Terpyridine ruthenium–triarylamine asymmetrical mixed-valence systems: Syntheses, (Spectro) electrochemistry and theoretical calculations

Abstract

A series of asymmetrical terpyridine ruthenium-TAA redox-active organometallic complexes was prepared and characterized. The bonding and electronic properties of these complexes were investigated by spectro-electrochemistry and theoretical calculations. Electrochemical results revealed that four complexes exhibited two successive single-electron redox processes, in which the first-step electrochemical behavior of tpyRu-ethynyl-TAA complexes occurred at the triarylamine moiety, the first-step based-metal oxidation of Cl-tpyRu-TAA complex was decided, and their half-wave potential difference ∆E decreased gradually.
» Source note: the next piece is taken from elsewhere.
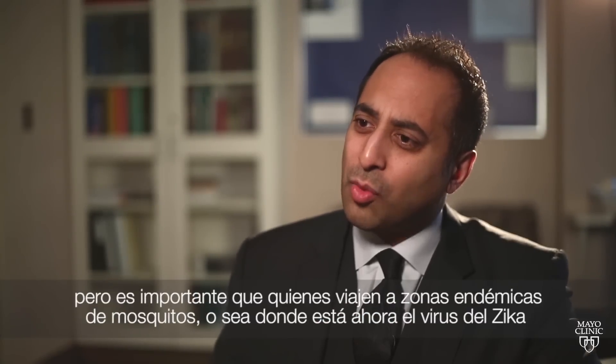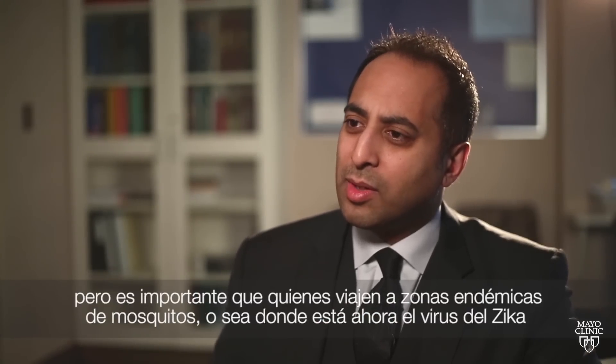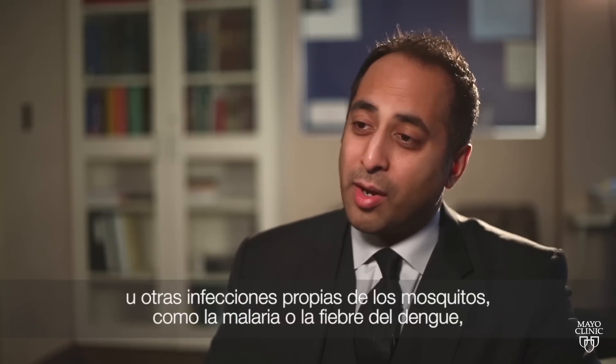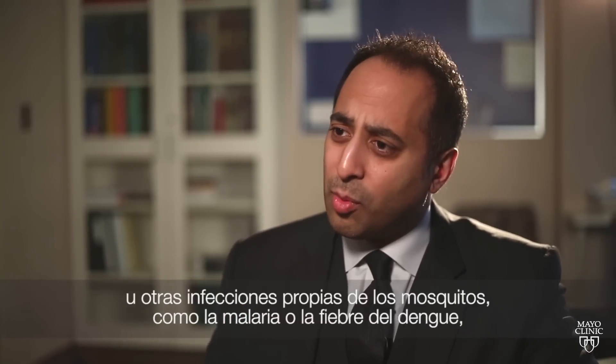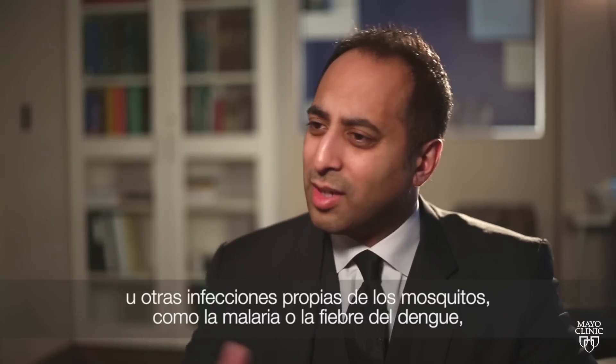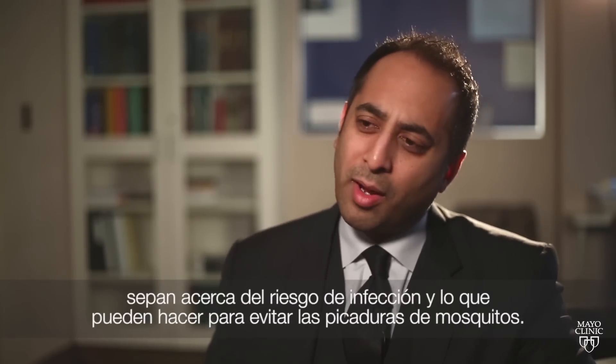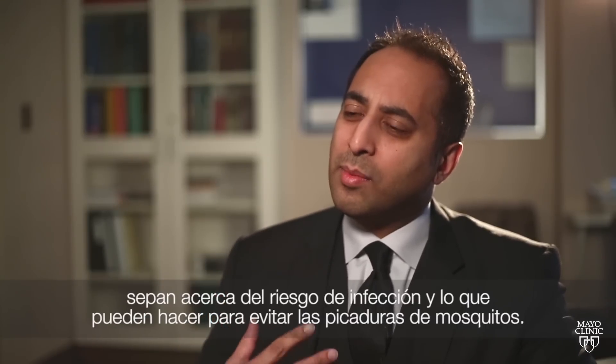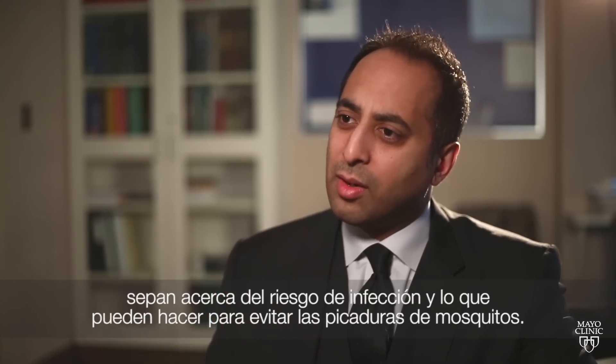It is important that people who are traveling to mosquito-endemic areas — areas that have Zika virus going on right now, or other mosquito-borne infections such as malaria or dengue fever — are cognizant about the infection risk and what they can do to prevent themselves from being bitten by mosquitoes.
The near-infrared (NIR) spectroscopic results of mixed-valence states obtained by spectro-electrochemistry showed that they all have NIR multiple absorption characteristics. The maximum absorption wavelength of singly-oxidized tpyRu-ethynyl-TAA molecules redshifted with bridge conjugate extension, whereas Cl-tpyRu-TAA mixed-valence state only displayed weak absorption at high-energy region, as later confirmed by TDDFT calculation. The electron coupling parameters Hab obtained from the inter-valence charge transfer analysis of mixed-valence states by the Marcus–Hush theory decreased gradually with the extension of the bridge chain, consistent with the electrochemical results. In addition, DFT calculation reflected that the HOMO contribution in bridge chain of neutral molecules increased with the conjugate bridge extension, and the spin density distribution of mixed-valence states was mainly localized on the aryl bridge and NAr2 and featured the less metal character and hence less charge delocalization. The above results concluded that the degree of electronic coupling and the order of redox processes are greatly affected by conjugated bridge and the coordination model between terpyridine and ruthenium.